In particular, the project requires that triples are created that
> refer to the other resources linked to by an html page.  i.e. The uris
> of images the page may use, other web pages it links to, flash files
> it might embed, etc. have to wind up as triples in the meta data.
>

This sounds interesting. How would the triples be stored? RDF+XML? Or would
the webpages contain a link to the turtle file?

>
> 3.  To add to the fun, the project also wants entities that are more
> conceptual.  e.g. if the html pages represent a book broken down into
> volumes and sections and chapters etc. the meta data must include the
> names of the volume, section, chapter, etc. that the html page refers
> to.  i.e.
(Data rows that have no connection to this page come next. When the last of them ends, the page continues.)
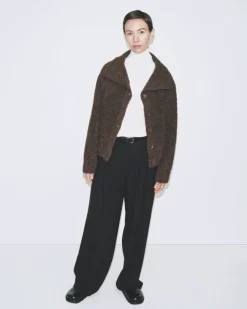 SPREAD COLLAR BOUCLE CARDIGAN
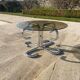 Chrome coffee table and Italian smoked glass 1970
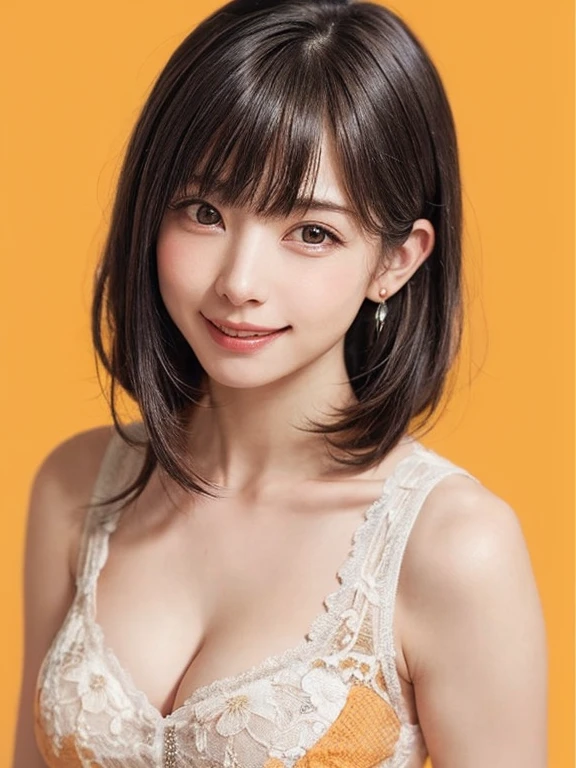 (software:1.8、masterpiece, highest quality),1 girl, ((full body)),alone, have, Realistic, Realistic, Looking at the audience, Light brown eyes, Brunette short bob hair with highly detailed shiny hair, short hair:1.8、Beautiful face in symmetry、Spring Clothes:1.6, Whity, lips, bangs, Outdoor, Mouth closed, Upper Body、Big eyes、eyelash、((Very simple light orange background:1.8))、(((bangsのあるshort hair、Big eyes、big and full 胸、Looking at the audience、Beautiful beauty、show me your ears、Long neck、smile、please close your mouth and smile)))、ideal body shape、((({Huge|big|Huge|Mega} Chest 2, Cleavage:2、happy smile、Beautiful Teeth、)))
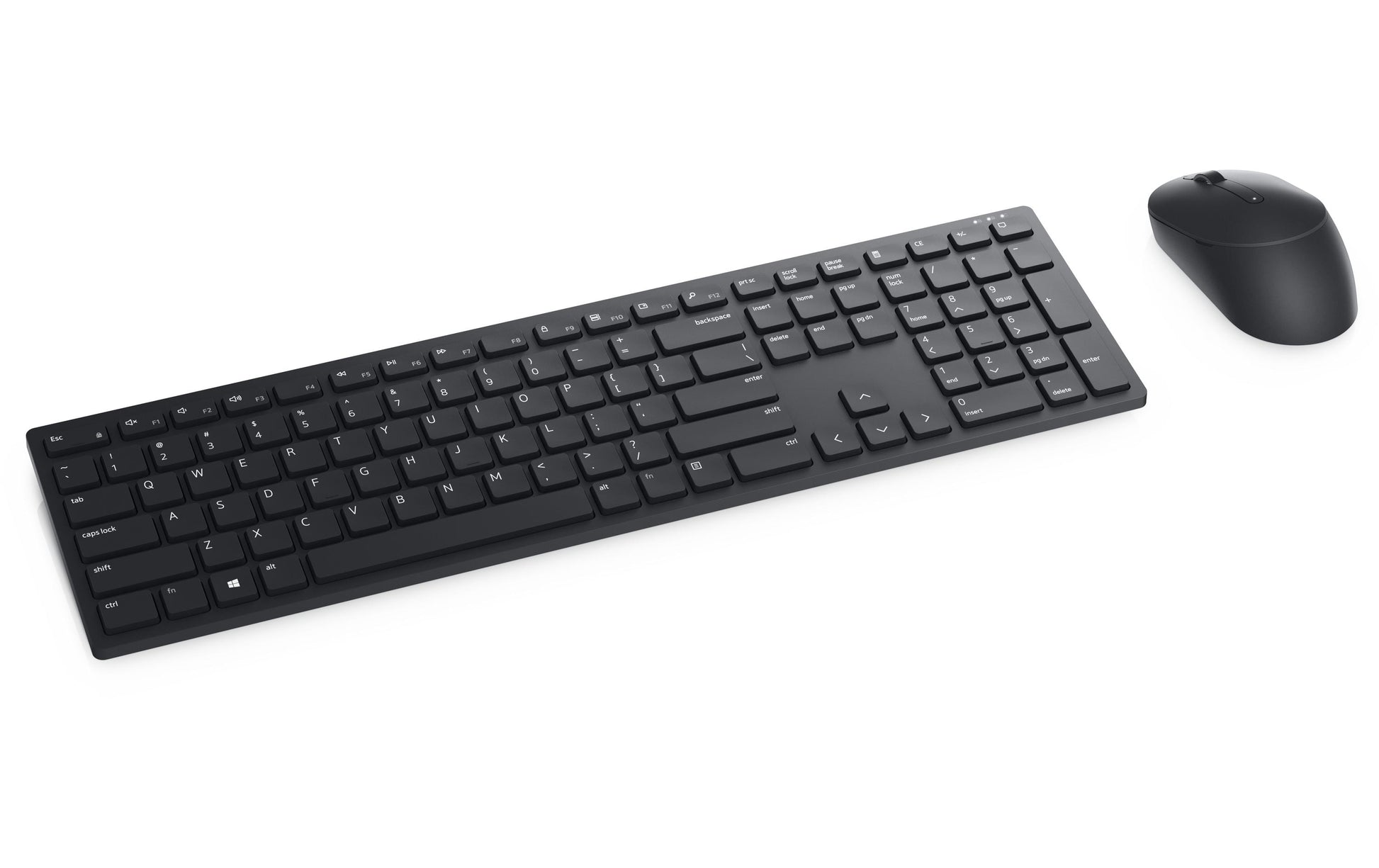 Dell KM5221 – Tastatur, kabellos (2,4 GHz), DE-Layout (DE), Fullsize (mit Ziffernblock), Schere, Schwarz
This is more in the realm of "entity extraction"/"NLP" kind
> of stuff.
>
> Are there examples of something like that around?  Where an app would
> customize the meta data being extracted?
>
> Does this mean I'm using "Scribo" for it's NLP extraction features?
> Or that I'm customizing how the "Strigi" indexing works?
>
>
Hmm. This is difficult to answer. We currently use Strigi just to index
files. Since webpages are HTML files, this does fall into that category a
little bit.

But since you're doing something more than what Strigi does, I think it
falls more into the line of Scribo and NLP. A lot of work has been done in
Scribo/NLP in Nov/Dec. All of it is in the playground.
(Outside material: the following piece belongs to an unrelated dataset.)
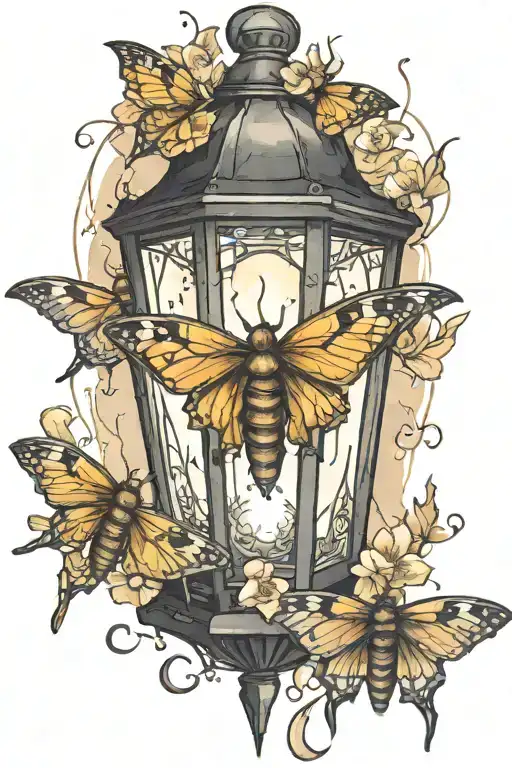 top moth lantern tattoo design idea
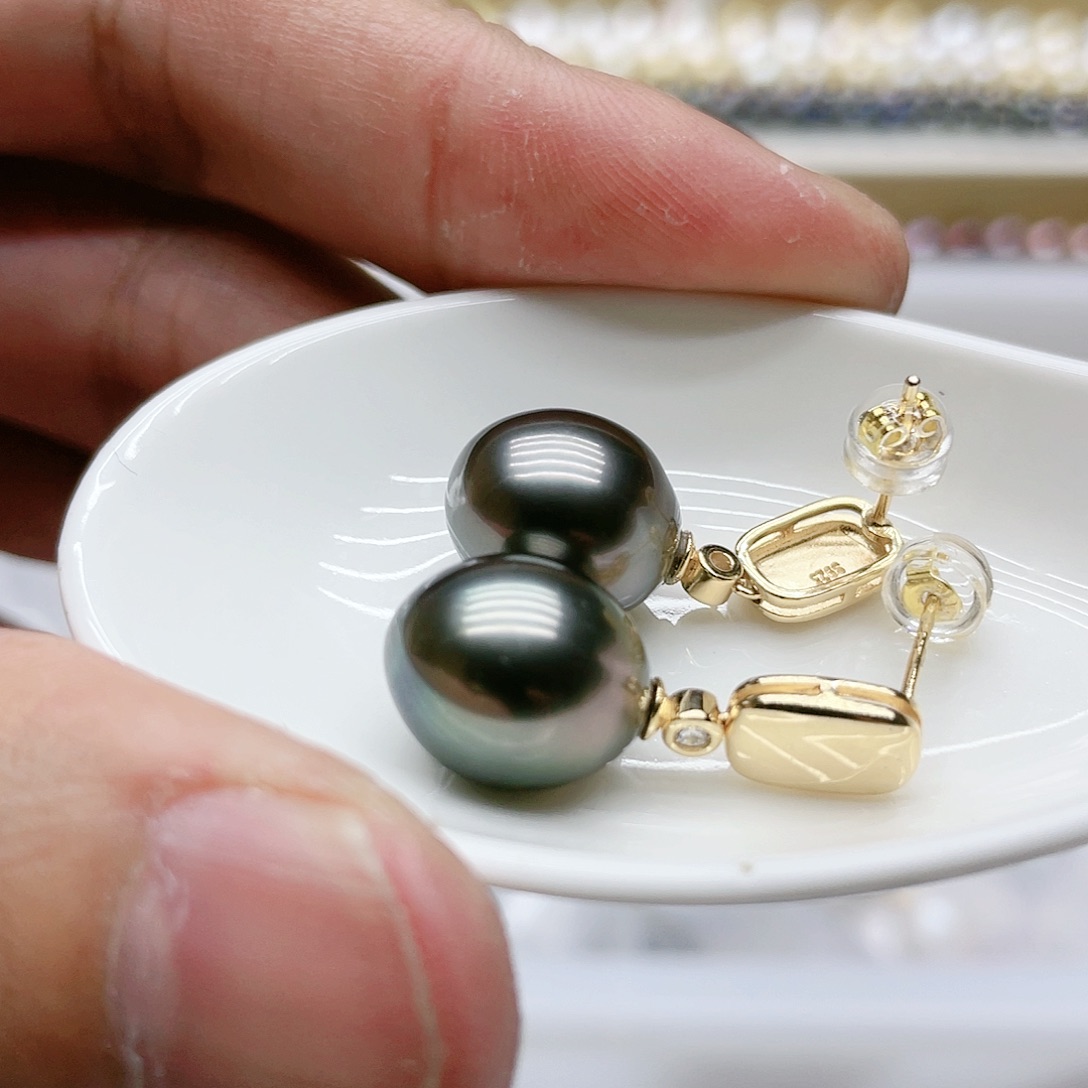 海水珍珠耳饰银S925镶嵌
> Are such things a part of the current Mandriva distro or are these
> only in the playground?
>

They are in the playground, but Madriva shops some of them. If you want the
latest stuff, it's best to manually compile the playground.

>
> 4.  Barring anything real specific for #3, do I understand that
> Virtuoso is now the default/preferred triple store?
>
>
Yes, that is correct, but what is the specific stuff in #3. We store ALL our
triples in Virtuoso.

> And that I should be able to write software that adds/updates triples
> in Virtuoso directly if I choose to?
>

The Nepomuk architecture is, well, quite structured. For storing Triples (
actually quadruples ) we use Soprano [1] We only use the Soprano API to
add/update triples.

Soprano, however, has a plugin based backend-framework. One of its jobs is
to provide a nice consistent API over any RDF store. The current backends
are - Virtuoso, Redland, and Sesame2.

> Or that hits a SPARQL endpoint, e.g. to display the info using a custom web
> app?
>

AFAIK we currently do NOT provide a SPARQL endpoint. Sebastian would be
better at answering this question. He wrote most (all?) of Soprano.
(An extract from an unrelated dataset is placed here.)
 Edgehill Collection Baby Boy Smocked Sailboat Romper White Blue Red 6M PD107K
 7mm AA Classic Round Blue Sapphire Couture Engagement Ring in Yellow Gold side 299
> (part of this question also relates to the project using java btw so
> solutions that avoid the C++ api are a better fit for my work-mates -
> though I wouldn't mind :).
>
>
The Nepomuk-Kde project doesn't use Java at all. It's all C++. But since we
are a part of KDE, you can use Nepomuk with any of the language bindings
provided by kde [2]

I don't think the original Nepomuk project in Java is maintained at all.
Again, Sebastian!

5.  Not a show stopper but just curious:  Is Sesame still supported as
> an alternative backend store?
>

Soprano supports it, but Nepomuk doesn't use it. We only use Virtuoso. Quite
a bit of the Nepomuk APIS ( specifically the Query API ) have been tailored
to use virtuoso specific stuff. Additionally, there is some code in Nepomuk
that detects if any other backend is being used, and converts it to
Virtuoso.

We used to use Redland as the preferred backend till Dec 2009.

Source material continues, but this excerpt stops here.